Uncertainty about the Affordable Care Act'sinsurance exchanges and presidential campaign politics could affect markets for the for-profit hospital sector in the year ahead, Fitch Ratings said in a new report.
“After surviving myriad political and legal battles, the ACA now faces a long period of logistical difficulties in implementation,” Fitch analysts wrote. That includes state holdouts on Medicaid expansion, including Florida and Texas, and questions about insurers' willingness to market health plans in ACA exchanges, said Megan Neuburger, a managing director with the ratings agency.
“It's just such a big, complicated piece of legislation that's now this living, breathing thing,” Neuberger said.
Insurer UnitedHealth Group said it may exit the exchanges after reporting 2015 losses in the market. For hospitals, that could be a signal that “future growth in exchange volumes may be tepid,” Fitch stated.

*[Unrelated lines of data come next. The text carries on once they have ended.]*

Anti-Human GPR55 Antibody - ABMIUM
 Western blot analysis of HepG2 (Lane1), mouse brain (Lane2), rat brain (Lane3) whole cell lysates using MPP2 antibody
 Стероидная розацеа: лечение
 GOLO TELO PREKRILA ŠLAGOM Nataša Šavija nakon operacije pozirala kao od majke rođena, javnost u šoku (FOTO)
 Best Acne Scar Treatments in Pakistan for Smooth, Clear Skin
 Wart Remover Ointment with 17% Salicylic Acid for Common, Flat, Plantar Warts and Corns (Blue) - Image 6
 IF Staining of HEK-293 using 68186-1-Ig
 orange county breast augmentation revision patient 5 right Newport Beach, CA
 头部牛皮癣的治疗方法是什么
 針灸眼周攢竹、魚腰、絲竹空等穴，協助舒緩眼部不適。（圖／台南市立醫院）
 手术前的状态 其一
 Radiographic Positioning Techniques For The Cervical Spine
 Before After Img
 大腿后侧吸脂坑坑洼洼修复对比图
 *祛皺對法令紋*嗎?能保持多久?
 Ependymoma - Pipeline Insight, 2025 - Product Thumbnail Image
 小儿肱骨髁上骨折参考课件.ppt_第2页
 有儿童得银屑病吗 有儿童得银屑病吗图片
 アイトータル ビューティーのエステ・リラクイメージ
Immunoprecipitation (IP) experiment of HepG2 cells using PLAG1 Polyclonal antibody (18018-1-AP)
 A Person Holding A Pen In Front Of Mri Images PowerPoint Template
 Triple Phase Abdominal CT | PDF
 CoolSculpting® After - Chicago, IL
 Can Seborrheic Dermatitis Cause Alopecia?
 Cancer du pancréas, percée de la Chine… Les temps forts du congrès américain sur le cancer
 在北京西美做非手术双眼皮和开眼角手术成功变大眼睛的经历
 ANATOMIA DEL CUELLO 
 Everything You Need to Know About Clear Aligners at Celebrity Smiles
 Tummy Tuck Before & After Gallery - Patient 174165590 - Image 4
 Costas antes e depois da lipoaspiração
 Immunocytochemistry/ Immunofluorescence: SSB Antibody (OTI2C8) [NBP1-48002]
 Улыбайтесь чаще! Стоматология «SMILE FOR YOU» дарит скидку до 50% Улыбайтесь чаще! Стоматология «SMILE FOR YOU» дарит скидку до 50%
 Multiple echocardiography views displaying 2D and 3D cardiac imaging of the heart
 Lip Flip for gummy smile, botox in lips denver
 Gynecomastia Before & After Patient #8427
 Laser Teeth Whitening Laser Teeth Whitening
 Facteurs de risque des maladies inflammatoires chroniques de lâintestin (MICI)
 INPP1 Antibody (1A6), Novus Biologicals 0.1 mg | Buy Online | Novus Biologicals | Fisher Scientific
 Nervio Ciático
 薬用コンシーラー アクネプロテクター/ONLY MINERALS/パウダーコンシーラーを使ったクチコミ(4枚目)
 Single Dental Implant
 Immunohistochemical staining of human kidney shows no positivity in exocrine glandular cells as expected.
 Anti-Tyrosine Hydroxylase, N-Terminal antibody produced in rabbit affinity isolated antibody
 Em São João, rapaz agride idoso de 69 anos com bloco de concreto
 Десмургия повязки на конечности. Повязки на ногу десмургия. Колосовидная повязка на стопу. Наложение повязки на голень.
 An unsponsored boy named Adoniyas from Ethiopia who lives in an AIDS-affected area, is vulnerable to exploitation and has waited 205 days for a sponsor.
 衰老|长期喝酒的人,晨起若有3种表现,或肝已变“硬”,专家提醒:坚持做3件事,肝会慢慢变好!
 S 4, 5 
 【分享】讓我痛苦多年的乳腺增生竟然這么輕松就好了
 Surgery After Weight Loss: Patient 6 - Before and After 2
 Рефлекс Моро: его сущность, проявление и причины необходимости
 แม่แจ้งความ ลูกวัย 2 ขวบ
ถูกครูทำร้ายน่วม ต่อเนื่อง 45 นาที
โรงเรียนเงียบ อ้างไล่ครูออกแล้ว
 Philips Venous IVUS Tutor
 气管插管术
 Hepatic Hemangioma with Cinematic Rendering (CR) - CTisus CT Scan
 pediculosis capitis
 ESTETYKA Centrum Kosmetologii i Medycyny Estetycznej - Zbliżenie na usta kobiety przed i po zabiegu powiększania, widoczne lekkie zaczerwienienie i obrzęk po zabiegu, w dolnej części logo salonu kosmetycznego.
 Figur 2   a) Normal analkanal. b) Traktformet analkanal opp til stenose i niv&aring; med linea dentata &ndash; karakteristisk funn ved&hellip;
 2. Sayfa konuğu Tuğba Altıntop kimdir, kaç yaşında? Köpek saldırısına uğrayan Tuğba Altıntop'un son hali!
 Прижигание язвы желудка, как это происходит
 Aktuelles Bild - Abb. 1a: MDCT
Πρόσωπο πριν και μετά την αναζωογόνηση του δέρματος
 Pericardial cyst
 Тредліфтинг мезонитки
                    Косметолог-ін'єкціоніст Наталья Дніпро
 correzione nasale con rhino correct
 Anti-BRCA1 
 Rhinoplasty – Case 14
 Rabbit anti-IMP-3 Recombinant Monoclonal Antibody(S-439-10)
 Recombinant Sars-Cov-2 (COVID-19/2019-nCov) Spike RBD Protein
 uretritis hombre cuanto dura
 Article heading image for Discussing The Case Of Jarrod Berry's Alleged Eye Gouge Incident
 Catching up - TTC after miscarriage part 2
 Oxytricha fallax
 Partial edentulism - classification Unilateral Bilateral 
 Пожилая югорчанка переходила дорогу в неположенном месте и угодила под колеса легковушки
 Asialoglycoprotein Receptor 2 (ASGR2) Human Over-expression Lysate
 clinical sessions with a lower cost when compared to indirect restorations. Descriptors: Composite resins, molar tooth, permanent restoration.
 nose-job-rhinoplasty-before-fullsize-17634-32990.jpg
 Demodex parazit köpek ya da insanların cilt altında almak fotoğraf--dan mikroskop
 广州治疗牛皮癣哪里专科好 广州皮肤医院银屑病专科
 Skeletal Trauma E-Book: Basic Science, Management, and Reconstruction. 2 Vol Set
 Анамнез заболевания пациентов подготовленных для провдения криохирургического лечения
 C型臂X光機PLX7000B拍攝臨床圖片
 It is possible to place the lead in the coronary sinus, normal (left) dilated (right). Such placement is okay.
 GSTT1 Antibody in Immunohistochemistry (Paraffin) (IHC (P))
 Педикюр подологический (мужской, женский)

At the same time, headlines from the presidential campaign could roil equity markets in the coming year, and that could influence hospital operators' capital priorities, Fitch said.
Hospitals benefited from the reform law's insurance expansion, with more demand and less uncompensated care, although it is unclear how other factors, such as the economic recovery, may have contributed to stronger bottom lines, Neuberger said.
Those gains may have started to taper late last year, but volume is not expected to slump as much as it did following the recession, she said.